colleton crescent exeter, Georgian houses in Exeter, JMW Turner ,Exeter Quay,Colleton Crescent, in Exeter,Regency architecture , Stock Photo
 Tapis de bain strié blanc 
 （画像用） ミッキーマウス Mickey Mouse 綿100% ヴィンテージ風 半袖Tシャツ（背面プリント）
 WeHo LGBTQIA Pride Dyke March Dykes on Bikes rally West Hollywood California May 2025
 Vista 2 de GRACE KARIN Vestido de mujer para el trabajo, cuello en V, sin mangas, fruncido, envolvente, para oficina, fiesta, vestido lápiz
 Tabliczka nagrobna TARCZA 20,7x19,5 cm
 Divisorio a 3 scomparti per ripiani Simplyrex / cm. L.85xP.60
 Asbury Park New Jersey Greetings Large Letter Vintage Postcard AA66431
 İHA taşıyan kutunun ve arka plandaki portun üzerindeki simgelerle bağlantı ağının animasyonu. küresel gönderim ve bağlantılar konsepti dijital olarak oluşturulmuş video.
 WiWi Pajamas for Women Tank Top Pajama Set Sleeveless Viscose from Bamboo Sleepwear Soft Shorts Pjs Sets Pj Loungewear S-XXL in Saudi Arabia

++++++++++++++++++++

- **What the exercise asks**
What you return must match, line for line, the data from the line containing "Tabliczka nagrobna TARCZA 20,7x19,5 cm" to its end, both ends included.

- **Your solution**
 Tabliczka nagrobna TARCZA 20,7x19,5 cm
 Divisorio a 3 scomparti per ripiani Simplyrex / cm. L.85xP.60
 Asbury Park New Jersey Greetings Large Letter Vintage Postcard AA66431
 İHA taşıyan kutunun ve arka plandaki portun üzerindeki simgelerle bağlantı ağının animasyonu. küresel gönderim ve bağlantılar konsepti dijital olarak oluşturulmuş video.
 WiWi Pajamas for Women Tank Top Pajama Set Sleeveless Viscose from Bamboo Sleepwear Soft Shorts Pjs Sets Pj Loungewear S-XXL in Saudi Arabia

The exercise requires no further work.